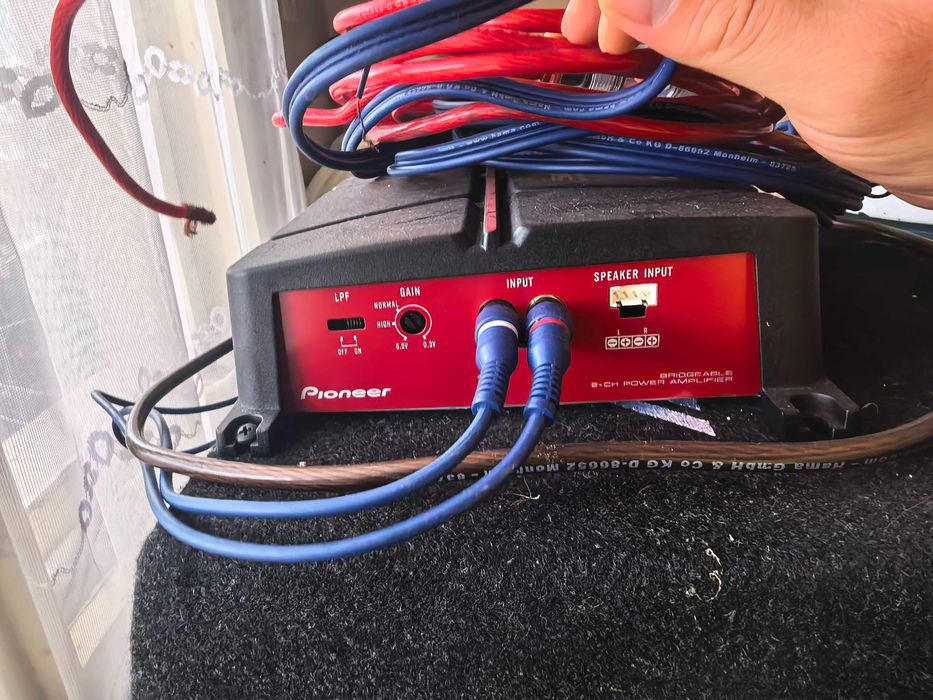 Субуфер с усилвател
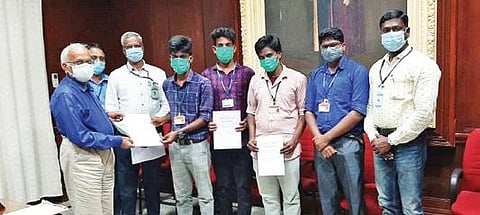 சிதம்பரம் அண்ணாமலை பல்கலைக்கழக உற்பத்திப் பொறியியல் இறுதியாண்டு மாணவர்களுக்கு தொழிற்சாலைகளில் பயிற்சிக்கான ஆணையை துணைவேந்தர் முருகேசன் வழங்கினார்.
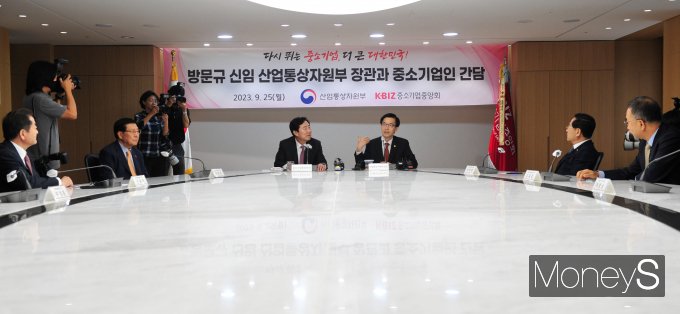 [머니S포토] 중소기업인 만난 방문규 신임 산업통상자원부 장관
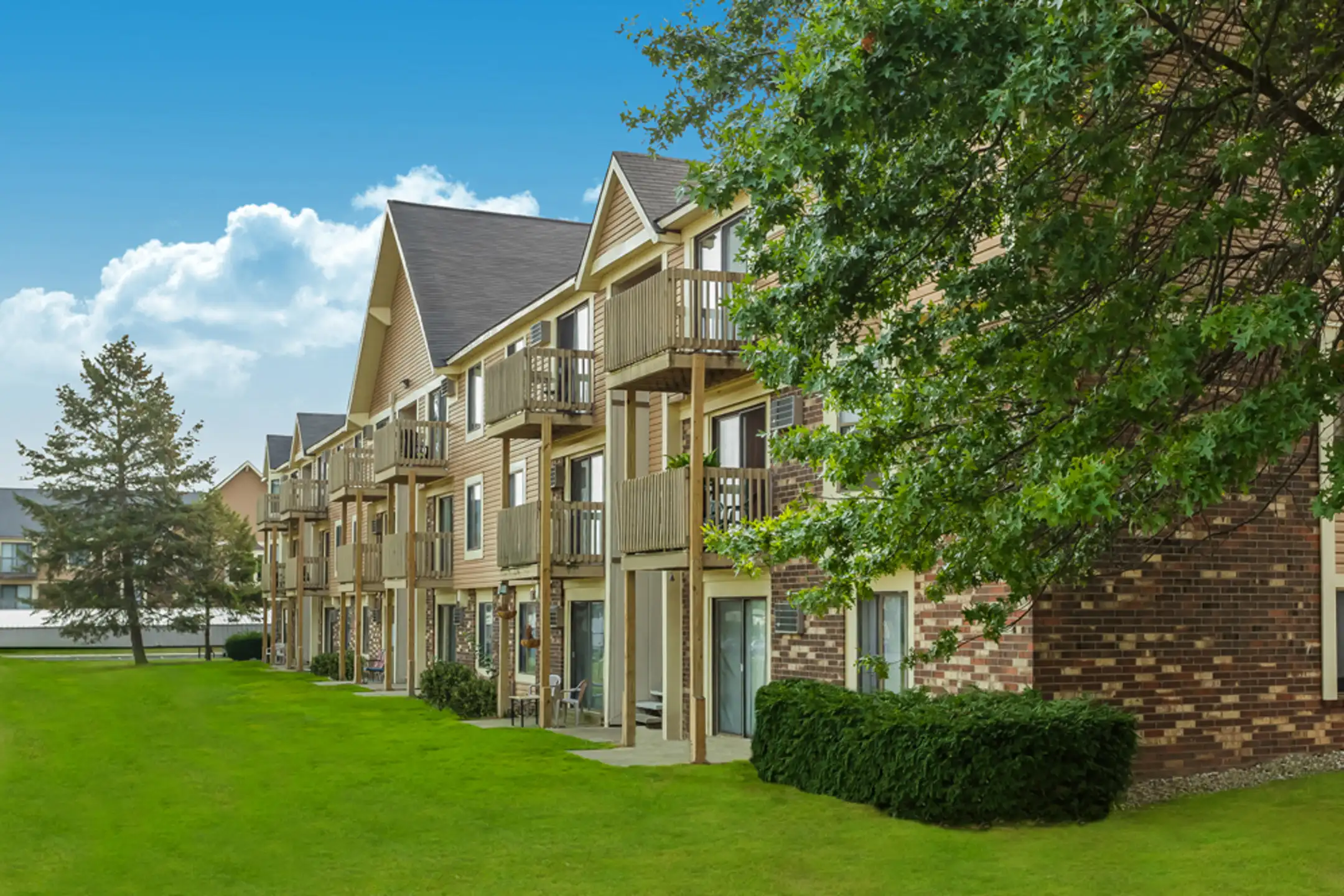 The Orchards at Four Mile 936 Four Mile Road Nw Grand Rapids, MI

◆ ◆ ◆ ◆ ◆

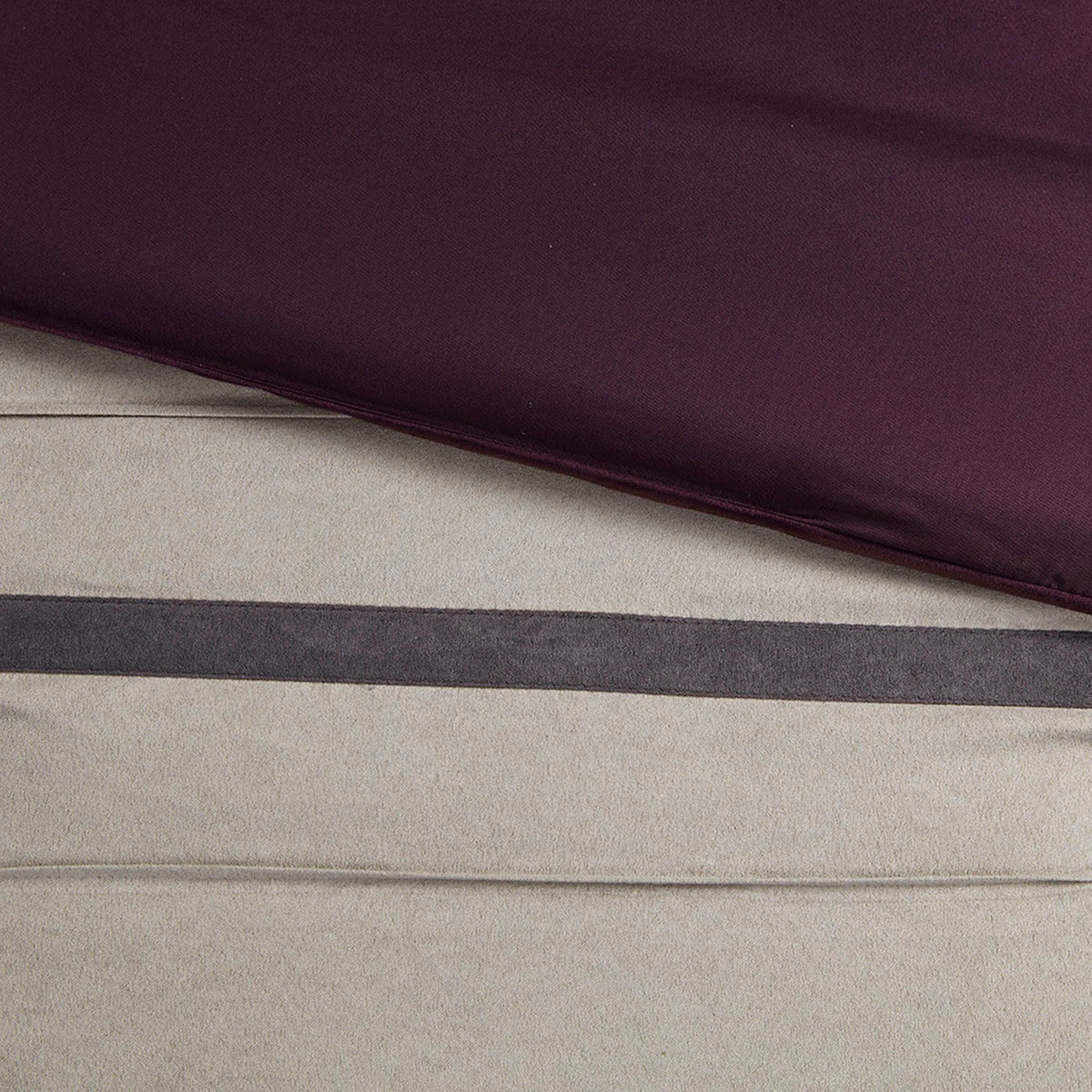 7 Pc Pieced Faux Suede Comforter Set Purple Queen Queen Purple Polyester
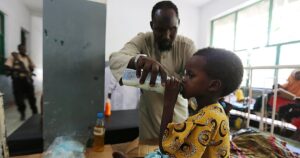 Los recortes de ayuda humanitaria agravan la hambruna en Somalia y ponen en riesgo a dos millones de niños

◆ ◆ ◆ ◆ ◆

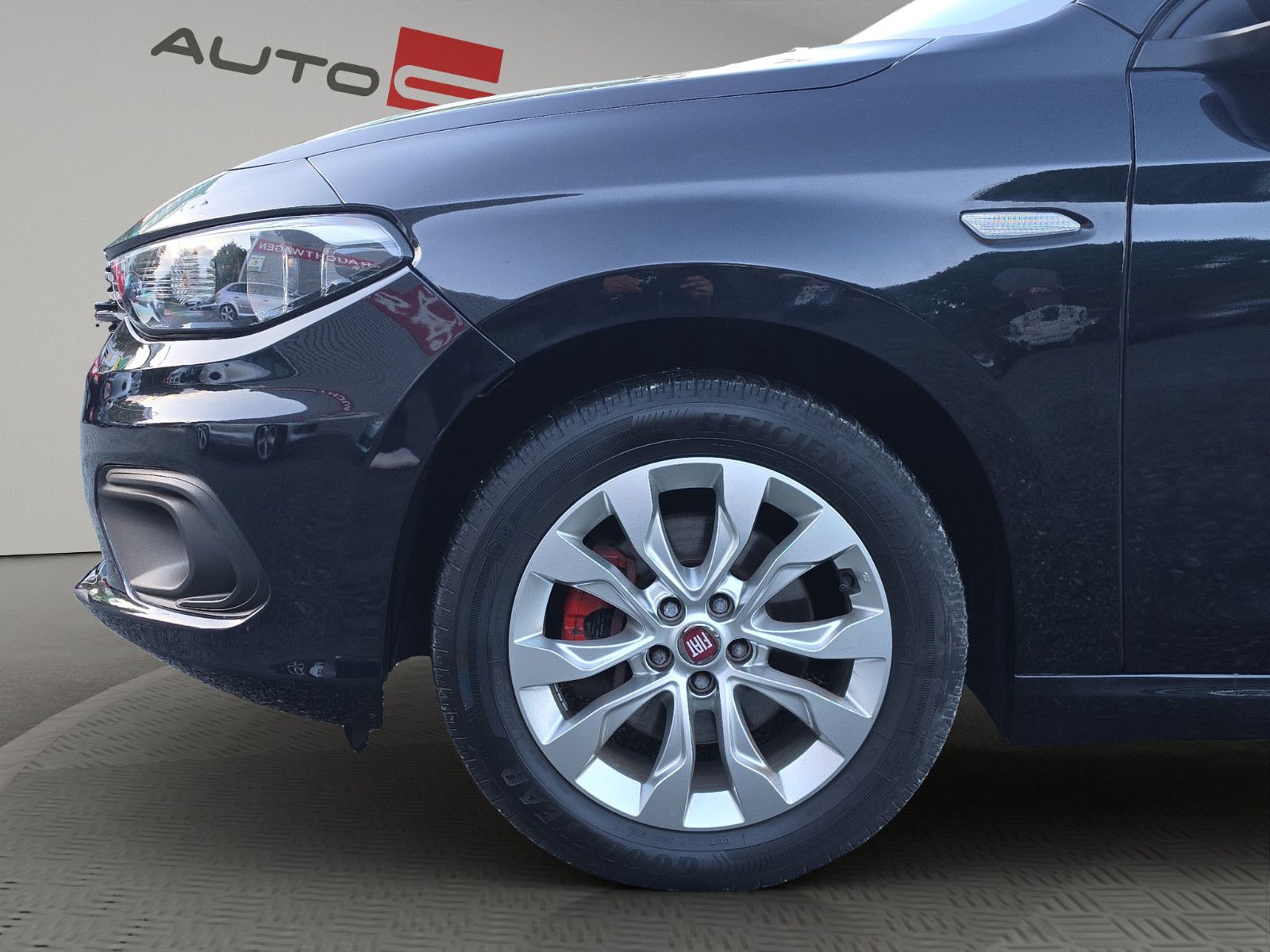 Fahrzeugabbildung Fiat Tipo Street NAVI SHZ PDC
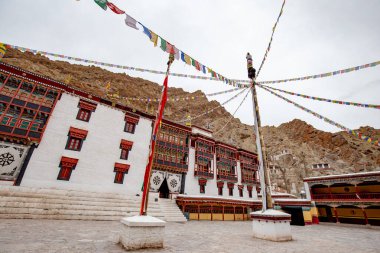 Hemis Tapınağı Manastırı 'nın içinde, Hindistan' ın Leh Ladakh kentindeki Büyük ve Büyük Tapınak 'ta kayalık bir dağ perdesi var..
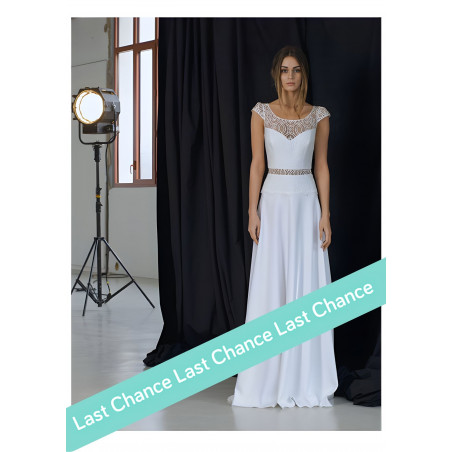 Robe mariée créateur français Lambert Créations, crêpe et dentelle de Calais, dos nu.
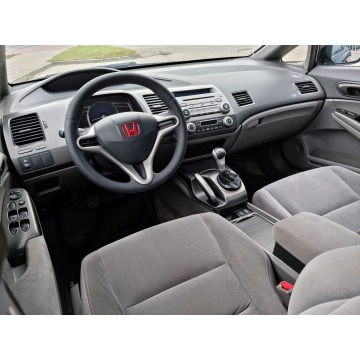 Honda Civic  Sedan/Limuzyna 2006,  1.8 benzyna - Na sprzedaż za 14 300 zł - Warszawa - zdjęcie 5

◆ ◆ ◆ ◆ ◆

What this task involves: Among the entries above, copy exactly the stretch from the line holding "7 Pc Pieced" through the line holding "Los recortes de", leaving out any pictures.

Task answer:
 7 Pc Pieced Faux Suede Comforter Set Purple Queen Queen Purple Polyester
 Los recortes de ayuda humanitaria agravan la hambruna en Somalia y ponen en riesgo a dos millones de niños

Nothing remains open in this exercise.